This section presents the basic elements of the Edukas environment, showing how this work treats the link between educational governance, strategic planning and computational intelligence. The Edukas model will be focused in of of the tasks mentioned above: (1) classify students’ profiles, (2) recommendations for students and others and (3) predicting student performance. This section is finalized with the presentation and discussion of the paper hypothesis.
3.1. Edukas Environment
Based on the exposed background, the Edukas environment comprises three main layers, as shown in
Figure 3. The lowest layer contains the systems that can be accessed by the stakeholders. The middle layer records all data resulting from the interaction with these systems, forming a educational database. The highest layer uses the data stored in the database, transformed by the corporate governance model, by the computational intelligence algorithms and by the strategic planning tools, to generate tangible information for the stakeholders.
The lower layer is responsible for the collection and structure of data. It is in this layer that the administrative, academic and content systems are deployed and used to generate the transactional information of the educational communities. The middle layer is responsible for housing data mining and data preparation tools. Finally, the upper layer is responsible for the data analytics and the decision-making, which leads to the strategic planning, to the educational governance and to the orientation tools used by educators.
Data collected in the lower layer can be classified into three groups, depending on their origin: learning objects, integrated management tools and custom learning. Data from the learning objects are generated from digital activities, mainly educational games and digital courseware, that are submitted to students to present knowledge and content and to evaluate students’ performances. The learning objects use different technologies such as artificial intelligence, virtual/augmented reality, digital assessment, adaptive learning, listening and sensing technology and robotic telepresence. Learning objects’ data allows the definition of students’ knowledge profiles, which is a history map showing the knowledge each student has built up to some point in time.
Data from integrated management gathers information from heterogeneous data provided by different education management systems.
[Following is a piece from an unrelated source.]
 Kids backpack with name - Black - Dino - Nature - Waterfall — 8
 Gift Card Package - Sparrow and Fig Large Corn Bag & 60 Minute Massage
These are mainly administrative data.
Data from custom learning use the teaching-learning activities to identify attributes for each student and discover the students’ learning profiles, which are history maps that show how students work in order to acquire their knowledge. These maps can help educators to identify and solve gaps in the teaching-learning process. The creation of the learning profiles uses technologies such as adaptive learning, artificial intelligence, digital assessment, listening and sensing technology, predictive analytics and hybrid integration platforms.
In the upper layer, strategic planning provides the direction to reach the goals; educational governance establishes the goals and monitors if the organization reaches them or not; and computational intelligence provides real-time analysis of information for the decision-making. These three tools must be tightly related and integrated. They make use of the educational database that collects data of different types and from different sources.
Edukas is, at the same time, a learning environment, a management system and an analytics framework, which are defined by each of the three layers discussed above. With Edukas, students receive education content from the learning environment; data scientists gather the vital information to analyze each student and improve the odds for him/her to obtain the best education the system has to offer. With the Edukas framework, educators can use assessment methods and define road maps to define actions that can lead to the best decision-making processes.
The discussion presented so far, and considering that the driver “good student performance” leads to the objective “improve the student success rate”, as shown in
Table 5, shows that modern education cannot afford being left out of the “smart” movement that is taken over most of the science and business areas of contemporary society.
Now, it is necessary to define how to develop the analysis that can generate the indicators composing the students’ profiles discussed before. These indicators are described in
Section 5.
3.2. Hypothesis
In this section, the algorithm used to choose a path, among several others, is presented. This algorithm is based on the ant colony concept. The algorithm tries to define the best path to follow based on past utilization results of all paths. In the proposed algorithm, a vertex describes a particular state of an agent (which can be a student, a group of students, an educator, etc.). To go from one state to another, the agent has to undergo a transition, defined by a path in the algorithm. A procedure (a student playing an educational game, for example) can move the agent between states. The agent movement can be modeled in a graph
where each vertex
is a possible state to where the agent can move and the edges
connecting the states are the possible paths to navigate from one vertex (a state) to another, as shown in
Figure 4.
In the beginning, an agent initial state must be defined. If this agent is a student, for example, its initial state can be defined by classification and clusterization tasks. The initial state is a vertex in the graph. The other vertices are different states the student can go to departing from the current state. There are vertices (states) that are not directly connected to the current vertices, and the student has to go to more than one change of state to get there. The recommendation tool will calculate the cost (for example, number of study hours, number of disciplines or related activities) associated with all possible paths. Based on the ant colony concept, the recommended next vertex (or state) will consider previous students’ chosen next state.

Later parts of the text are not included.